Aylus Networks is not a name familiar to consumers, but that’s fine — Aylus is looking to sell media-sharing and live-streaming services direct to mobile operators.
The Westford, Mass.-based startup has $25 million in funding from Matrix Partners and North Bridge Partners and is in trials with major operators in both the U.S. and Europe, but it has so far managed to stay off the business press radar as well. If these trials turn into deals, that could quickly change.
Aylus’ design improves on peer-to-peer type mobile video solutions that risk overwhelming mobile bandwidth constraints. What it does differently is run everything through a client-server-client architecture that conforms with upcoming GSM multimedia standards. So as mobile video production and sharing grow in popularity, Aylus will be able to keep up with demand.

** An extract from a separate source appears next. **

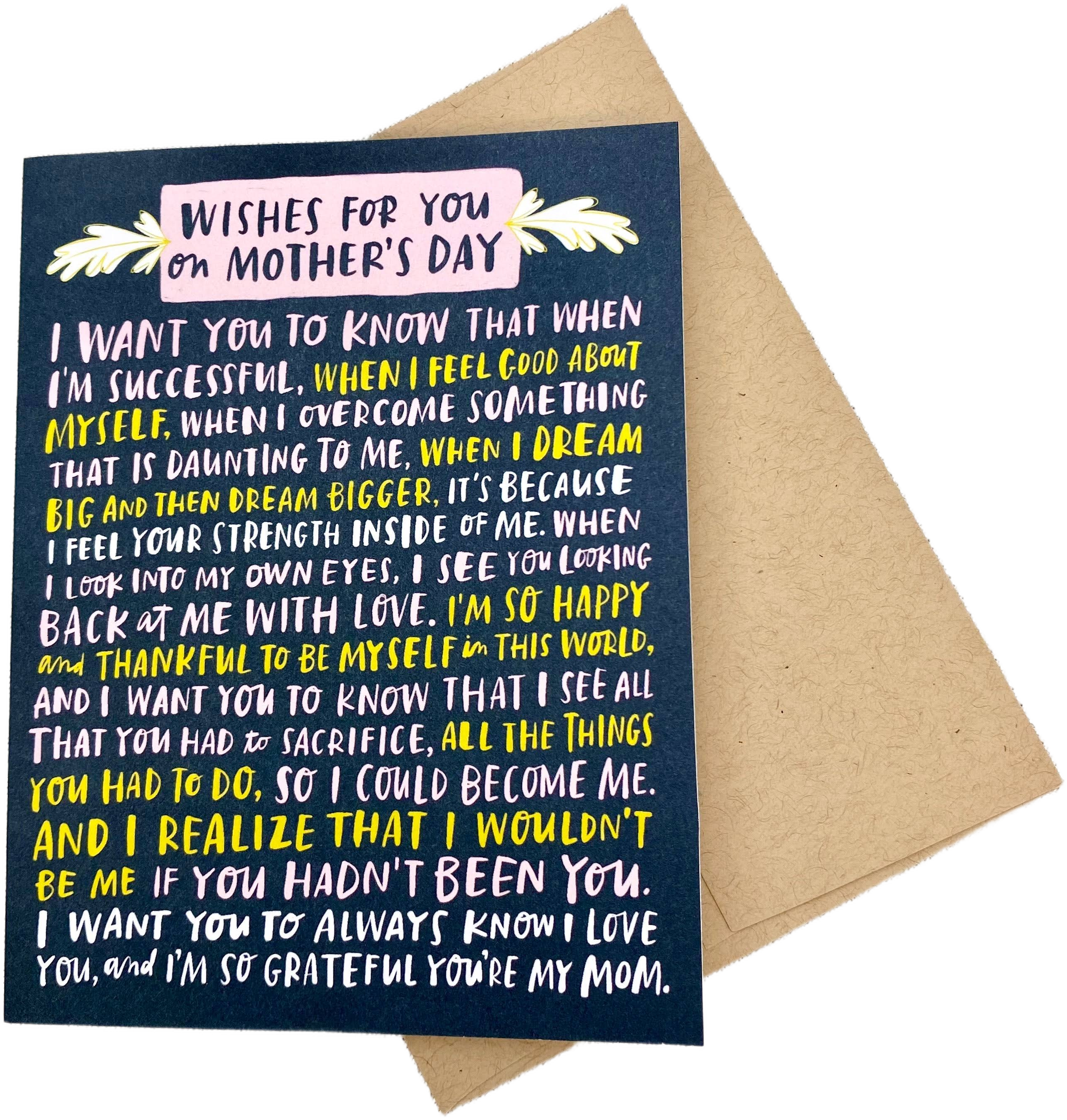 Wishes for You Mother's Day Card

The company’s two current applications are photo- and video-sharing and live video streaming for Symbian and Windows Mobile. Under development is a mobile-to-landline video service. Aylus is packaging its platform for applications like news reporting, repairmen, and first responders, where a worker in the field could use mobile video to better explain a local situation and seek expertise from afar. Aylus sells either infrastructure or a hosted service.
Competition could come from the mobile operators themselves — AT&T (s T) has already experimented with video sharing, but that uses a P2P-like architecture. There are also existing live mobile video startups that go straight to consumers such as Qik and Flixwagon, which Aylus says it can beat by making video-streaming real-time. Aylus’ careful attention to what carriers want and need could make it a winner.